All things Civ IV

I’m going to steal a convention employed on the Civ fansites referred to earlier in the thread and keep a running diary of a game I’m starting now. I’m choosing different options than I have in the past and as a result I suspect the game to be anything but a model of how anyone else should play. Keep in mind that I pretty much suck at this game. Maybe it’ll be helpful in showing what not to do. Most likely it’ll only be of interest to me, in any case I assume the OP won’t mind. Along the way I’d appreciate any advice, criticism or whatever else you feel like sharing. Remember, I do not claim to be very good at this game and I’m hoping by keeping a journal of this game and minimizing the amount of automation I use I can help myself to better focus on the details that make a average player great.

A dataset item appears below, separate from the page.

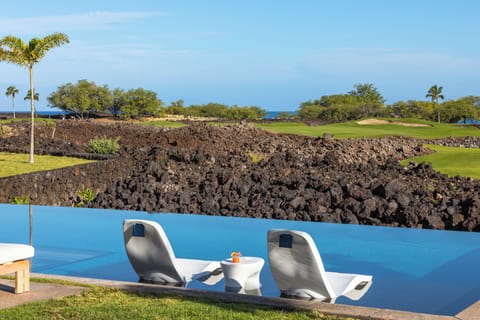 Stunning infinity pool overlooks volcanic landscape and championship golf course on Hawaii's pristine coastline.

If I mention something that sounds silly or make a choice that you don’t understand ask me why or speak up so that one of us might learn something. If you don’t care or find it interesting feel free to tell me to shut up :).

Here’s the choices I made:

Level: Noble (Neutral start, what I almost always play)
Civ: American (starts with fishing and agriculture, unique unit is Navy SEAL)
Leader: Washington (Financial and Organized traits)
World Size: Standard
Map Type: Pangaea, Tropical (Never played Pangaea before)
Game Speed: Epic (First for this too, I usually play standard)

I tend to play a somewhat reserved style of game, focusing on research and getting a big tech edge and growing my cities quickly. Often I wait until I can leverage production and technology advantages before doing any warmongering, and in some games I never do more than skirmish. Being mediocre at the game, it usually means a best-case scenario for me is a narrow Space Race victory right around the year 2000.

Things aren’t likely to change drastically in this game since I’ve chosen the commerce king in Washington. Going in I intend to play a game that gets me way ahead in techs. Ideally I want to reach my UU and go on to a domination win militarily while the AI Civs are still playing with Cavalry and Grenadiers at best. I probably won’t research any early religions and will try and be buddy-buddy with all neighbors right out of the gate.

On first glance I seem to have a excellent starting position. Without moving either unit I can see marble adjacent to my settler and elephants two squares away. There’s silk 3 squares away which should be helpful as well. I’m situated on a river with 3 flood plains all immediately within my borders. There’s also a goodie hut 2 squares west. So far this is probably the best starting position I’ve ever seen. Off to the north I can see an ocean just at the edge of the fog so I presume I’m on the northern edge of the super continent.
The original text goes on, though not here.